(Beginning of DATA SHOWN)
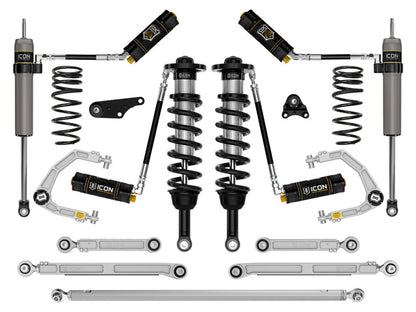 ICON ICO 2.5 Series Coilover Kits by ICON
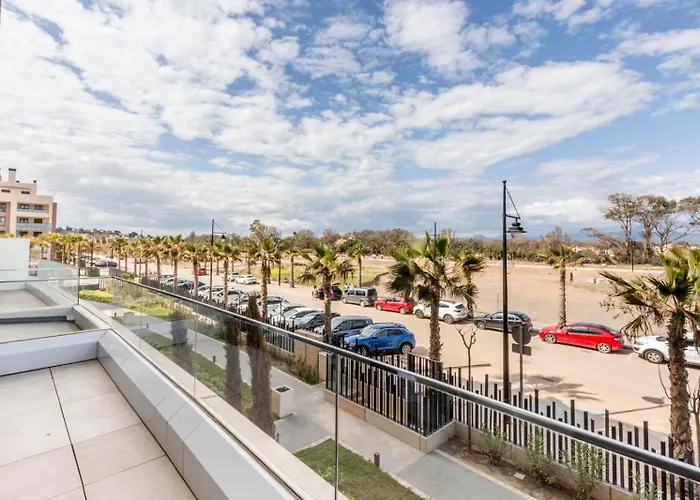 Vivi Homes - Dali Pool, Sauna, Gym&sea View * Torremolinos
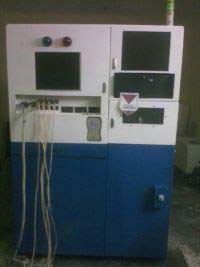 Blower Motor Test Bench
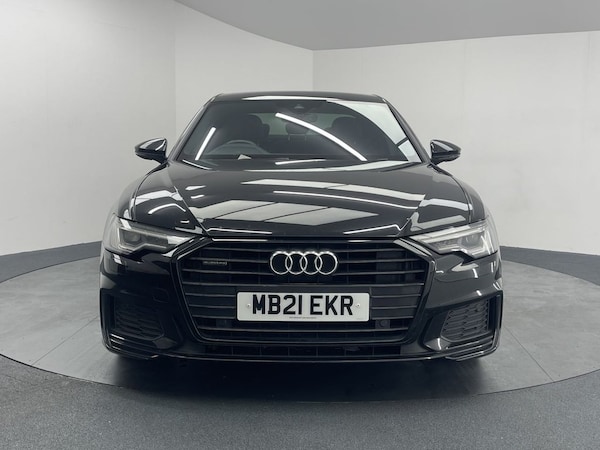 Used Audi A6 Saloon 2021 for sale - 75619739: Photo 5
(End of DATA SHOWN)
ACTIVITY:
Would you please give the material above again, unchanged but without pictures?

PROBLEM SOLUTION:
 ICON ICO 2.5 Series Coilover Kits by ICON
 Vivi Homes - Dali Pool, Sauna, Gym&sea View * Torremolinos
 Blower Motor Test Bench
 Used Audi A6 Saloon 2021 for sale - 75619739: Photo 5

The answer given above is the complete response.